On 05.12.2014 14:54, Tobias Pietzsch wrote:
Hi all,

what is everyones opinion on moving the IJ2/Fiji stack to a new version of Java, i.e., Java 7.
Java 7 has been around for more than 3 years now. The end-of-life final public release of Java 6 was more than 1.5 years ago.

Benefits I see are the following:

* We could use the “new" Java 7 libraries. For example the Fork/Join framework would come handy in defining multi-threading interfaces in scijava-common (to be used in imagej-ops for example). Or the NIO2 stuff (java.nio.file)

* We would benefit from improvements of type inference for generics in the compiler. No more jumping through hoops to fix “errors” in code that should compile with Java 6 but doesn’t. (Plus we could use the diamond operator to shorten generics instantiations.)

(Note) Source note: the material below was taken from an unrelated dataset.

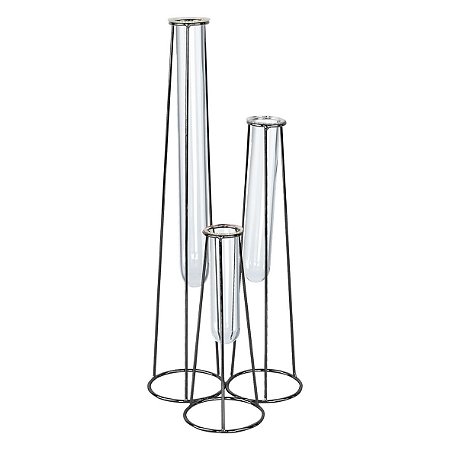 VASO TRES TUBOS DE VIDRO E METAL PRETO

* We could use third-party libraries that only support Java 7. For example I’m using Jetty in a project that can therefore not be part of Fiji currently. (This mail was more or less triggered by me looking into http://ojalgo.org who maybe went a bit over the top and already abandoned Java 7 for Java 8). I think it is only a matter of time until we will have a problem with third-party libraries that we already use abandoning Java 6.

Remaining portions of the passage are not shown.